Room ★★★½

Emotionally rich, and sincere performances from Brie Larson and young Jacob Tremblay makes up for the short hiccups of Lenny Abrahamson’s misguided captive drama Room. Adapted from Emma Donoghue’s novel of the same name, Room is an essentially a crime story of a kidnapped young woman who was raped and gave born to a son while being locked in a small garden shed for seven years. Thank God that the film is seen through the eyes of a five year old boy, because if not, this would be just another CSI episode of captivity.

Room basically has a two-act structure. The first act that focuses on the mother-son dynamics set in the ‘Room’ is wonderful. I admire Abrahamson’s choices of making the odd, and the harrowing comfortable. I also like how the characters’ suffering are not sensationalized which is perfect. No violence is shown, which I think suits well for a film like this, most especially it’s from the perspective of a young boy. The tight atmosphere of the ‘Room’ makes it even more suffocating to watch, thus leading to a great momentum. When we enter the second act, things get a little problematic. The narrative wanders off focusing on the psychological ramifications to the mother and her son. While her son seems to be adjusting fine, the mother is not. This gives actress Brie Larson the chance to expand her range which is quite satisfying. However, the director makes a slight choice about the mother’s choices. Now Larson becomes a ‘support’ instead of ‘co-leading’ with Tremblay’s affectionate work.

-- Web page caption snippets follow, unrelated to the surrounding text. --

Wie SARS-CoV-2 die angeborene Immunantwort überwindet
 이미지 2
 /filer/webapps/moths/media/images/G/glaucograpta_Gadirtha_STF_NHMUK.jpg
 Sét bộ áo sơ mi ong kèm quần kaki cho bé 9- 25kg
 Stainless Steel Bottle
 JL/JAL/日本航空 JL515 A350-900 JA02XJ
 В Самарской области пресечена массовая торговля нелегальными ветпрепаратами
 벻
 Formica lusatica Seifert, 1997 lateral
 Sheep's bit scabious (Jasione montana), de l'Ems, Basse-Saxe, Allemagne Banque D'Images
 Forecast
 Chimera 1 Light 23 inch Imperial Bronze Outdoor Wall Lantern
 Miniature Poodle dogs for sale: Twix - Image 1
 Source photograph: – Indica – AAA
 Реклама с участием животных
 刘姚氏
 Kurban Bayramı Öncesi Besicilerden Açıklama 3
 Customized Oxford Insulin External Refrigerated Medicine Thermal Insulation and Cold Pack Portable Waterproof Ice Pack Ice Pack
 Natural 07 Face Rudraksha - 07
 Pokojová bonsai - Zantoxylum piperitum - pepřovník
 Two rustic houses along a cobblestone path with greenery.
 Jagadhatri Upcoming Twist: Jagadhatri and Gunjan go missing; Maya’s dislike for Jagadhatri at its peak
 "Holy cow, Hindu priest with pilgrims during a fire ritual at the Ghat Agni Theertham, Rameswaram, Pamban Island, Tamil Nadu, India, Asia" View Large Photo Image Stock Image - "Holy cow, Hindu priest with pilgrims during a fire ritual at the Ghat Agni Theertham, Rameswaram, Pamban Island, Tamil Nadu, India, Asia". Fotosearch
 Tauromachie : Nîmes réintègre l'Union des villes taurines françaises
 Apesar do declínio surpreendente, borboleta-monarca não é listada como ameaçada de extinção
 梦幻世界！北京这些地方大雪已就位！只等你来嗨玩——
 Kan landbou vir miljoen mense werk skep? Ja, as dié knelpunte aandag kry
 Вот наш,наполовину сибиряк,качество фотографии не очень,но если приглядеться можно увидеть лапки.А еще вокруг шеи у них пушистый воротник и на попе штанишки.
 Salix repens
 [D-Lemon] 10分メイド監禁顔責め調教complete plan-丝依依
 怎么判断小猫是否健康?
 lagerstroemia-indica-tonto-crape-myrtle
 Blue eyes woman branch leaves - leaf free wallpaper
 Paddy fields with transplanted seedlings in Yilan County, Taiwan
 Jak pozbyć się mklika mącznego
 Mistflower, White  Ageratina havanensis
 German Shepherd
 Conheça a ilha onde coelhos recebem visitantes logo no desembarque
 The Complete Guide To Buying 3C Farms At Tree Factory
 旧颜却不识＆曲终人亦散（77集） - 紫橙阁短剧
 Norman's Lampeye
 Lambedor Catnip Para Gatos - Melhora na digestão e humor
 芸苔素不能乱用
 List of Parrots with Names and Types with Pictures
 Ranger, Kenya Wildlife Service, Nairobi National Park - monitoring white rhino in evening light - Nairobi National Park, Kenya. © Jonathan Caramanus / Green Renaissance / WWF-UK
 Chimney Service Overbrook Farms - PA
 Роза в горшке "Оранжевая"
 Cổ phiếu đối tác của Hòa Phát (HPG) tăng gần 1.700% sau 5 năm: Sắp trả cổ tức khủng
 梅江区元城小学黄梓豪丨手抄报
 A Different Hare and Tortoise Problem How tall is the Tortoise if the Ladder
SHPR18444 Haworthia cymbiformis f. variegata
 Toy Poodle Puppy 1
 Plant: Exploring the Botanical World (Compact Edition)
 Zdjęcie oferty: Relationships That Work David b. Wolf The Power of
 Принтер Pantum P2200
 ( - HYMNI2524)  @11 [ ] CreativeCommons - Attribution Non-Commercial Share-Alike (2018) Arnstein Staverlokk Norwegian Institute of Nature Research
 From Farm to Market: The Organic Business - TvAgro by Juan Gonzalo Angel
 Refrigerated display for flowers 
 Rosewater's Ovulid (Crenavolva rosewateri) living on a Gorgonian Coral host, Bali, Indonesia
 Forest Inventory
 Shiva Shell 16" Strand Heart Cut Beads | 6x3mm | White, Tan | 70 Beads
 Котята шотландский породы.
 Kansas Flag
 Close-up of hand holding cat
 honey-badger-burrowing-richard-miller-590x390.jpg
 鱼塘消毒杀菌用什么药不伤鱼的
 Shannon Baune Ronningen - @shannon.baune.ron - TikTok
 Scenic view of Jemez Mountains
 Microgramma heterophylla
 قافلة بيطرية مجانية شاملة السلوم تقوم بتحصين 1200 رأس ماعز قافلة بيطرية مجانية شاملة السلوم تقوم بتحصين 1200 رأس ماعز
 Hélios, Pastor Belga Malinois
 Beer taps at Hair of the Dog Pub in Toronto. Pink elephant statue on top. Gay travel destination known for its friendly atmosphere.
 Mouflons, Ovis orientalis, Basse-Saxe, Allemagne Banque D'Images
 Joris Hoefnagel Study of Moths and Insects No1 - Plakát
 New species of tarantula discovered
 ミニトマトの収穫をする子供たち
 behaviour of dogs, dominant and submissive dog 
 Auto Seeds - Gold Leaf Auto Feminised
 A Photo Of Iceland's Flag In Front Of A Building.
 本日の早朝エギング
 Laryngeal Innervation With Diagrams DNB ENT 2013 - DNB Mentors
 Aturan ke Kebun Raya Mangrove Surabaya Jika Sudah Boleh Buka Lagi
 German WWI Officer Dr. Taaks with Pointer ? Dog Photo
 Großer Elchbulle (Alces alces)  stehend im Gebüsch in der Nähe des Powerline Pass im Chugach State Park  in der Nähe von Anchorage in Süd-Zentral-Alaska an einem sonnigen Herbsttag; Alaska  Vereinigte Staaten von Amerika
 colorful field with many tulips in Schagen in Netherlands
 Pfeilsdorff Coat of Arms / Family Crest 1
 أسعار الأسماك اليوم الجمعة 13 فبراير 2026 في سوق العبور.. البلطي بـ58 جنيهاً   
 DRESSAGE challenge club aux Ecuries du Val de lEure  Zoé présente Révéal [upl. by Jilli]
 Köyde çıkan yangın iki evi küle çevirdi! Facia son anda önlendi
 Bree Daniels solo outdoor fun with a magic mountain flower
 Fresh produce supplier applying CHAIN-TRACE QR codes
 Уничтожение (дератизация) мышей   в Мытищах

Anyhow, the performances from Larson and Tremblay are one of the year’s best. Larson is wonderful conveying emotions with depth and accuracy. Her natural presence helps a lot and it works. But it’s Jacob Tremblay who really got me. Young Tremblay (Jack) literally made my eyes teary because of his unadorned sweetness and sincerity. Its Jack’s innocence makes the underlying suffering worth it. His vision of the world is infectious. His last words in the film might be the reason why the film was so well-received. Supporting actress Joan Allen is in good form, while William H. Macy feels unnecessary.

Overall, Room is a flawed, but emotionally absorbing film that like Jack makes us recognize the beauty of living in the world. Plus, with the great performances of Larson and Tremblay makes the film as one of the year’s must-sees.